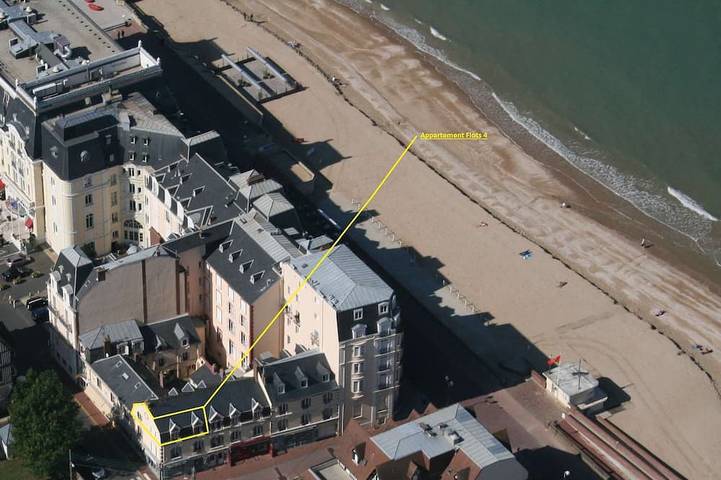 Gîte pour 4 personnes dans Grand Casino de Cabourg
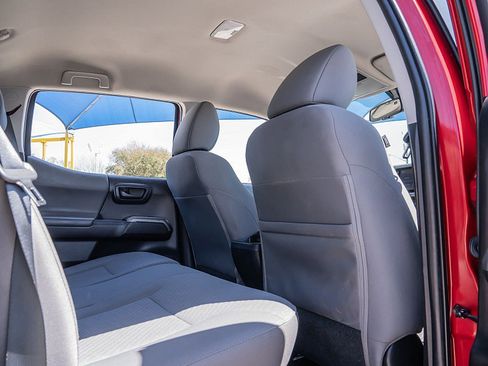 Used 2022 Toyota Tacoma SR5 RWD image 22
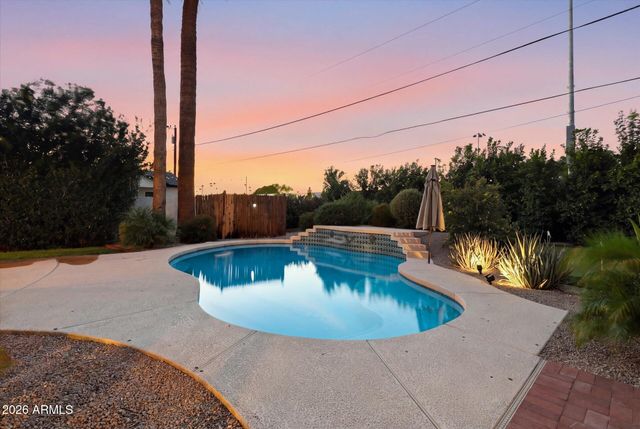 804 E MYRTLE Avenue, Phoenix, AZ 85020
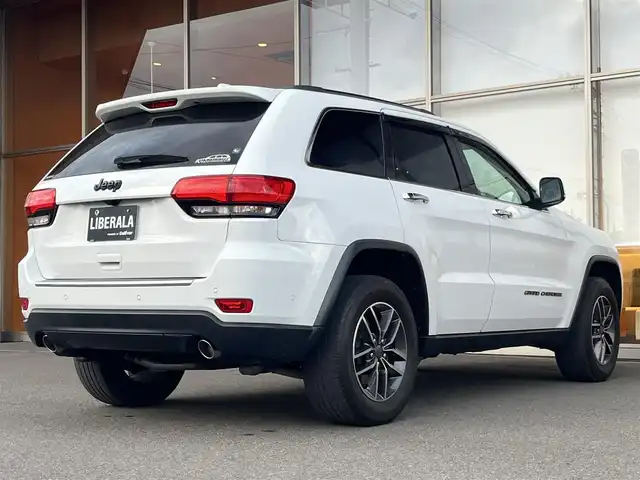 クライスラー・ジープ ジープ グランドチェロキー LTD 岐阜県 2019(令1)年 4.4万km 白 アダクティブクルーズコントロール　/ＬａｎｅＳｅｎｓｅ車線逸脱警報プラス　/リアビューカメラ　/電動パワーリフトゲート　/シートヒーター　/エアーシート　/パワーシート　/純正ナビ　/４ＷＤ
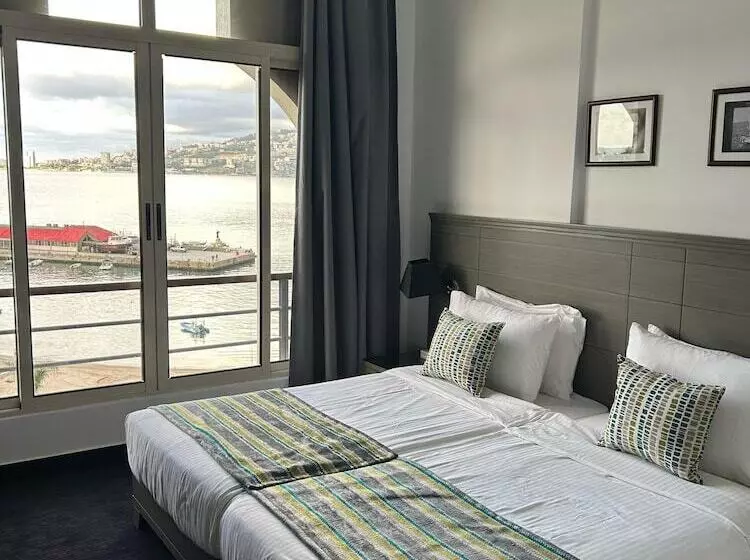 اتاق استاندارد یک نفره با چشمانداز دریا, Bel Azur Hotel Resort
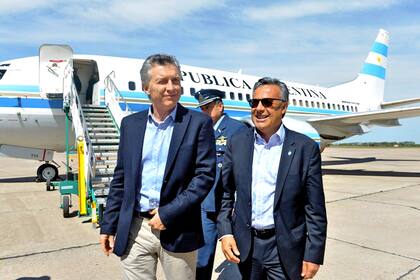Mauricio Macri junto al gobernador de Mendoza, el radical Alfredo Cornejo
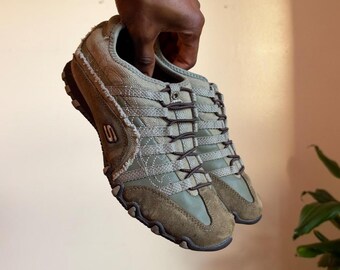 Skechers Olive embellished Suede Trail Sneakers women’s US 6.5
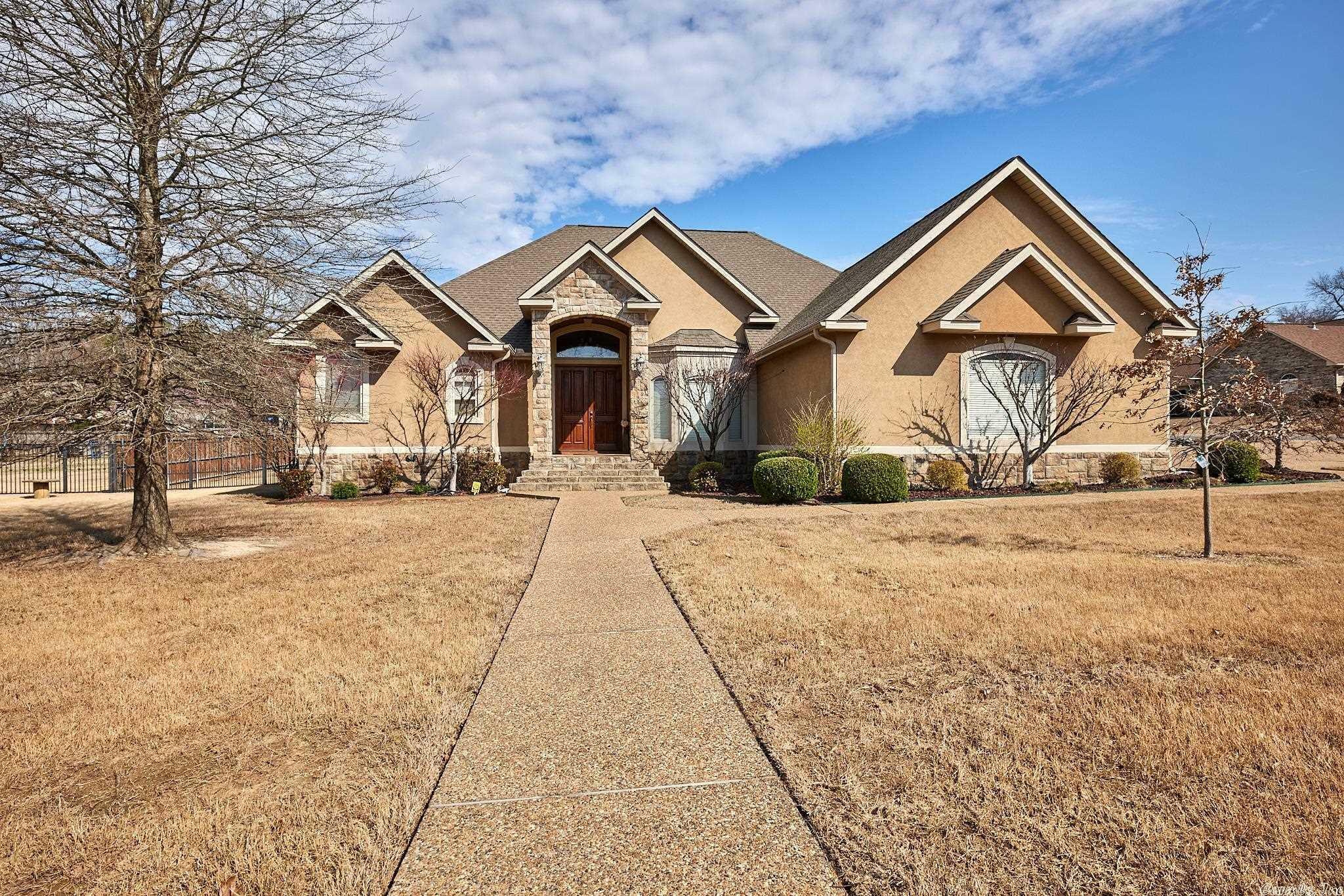 Property Photo:  104 Setter Crossing  AR 71901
──────────────────────────────
§ **Task goal**: Output nothing but the lines from the one containing "Mauricio Macri junto" to the end of the listing, both ends included, reproduced exactly. Pictures stay out.

§ **Result**:
Mauricio Macri junto al gobernador de Mendoza, el radical Alfredo Cornejo
 Skechers Olive embellished Suede Trail Sneakers women’s US 6.5
 Property Photo:  104 Setter Crossing  AR 71901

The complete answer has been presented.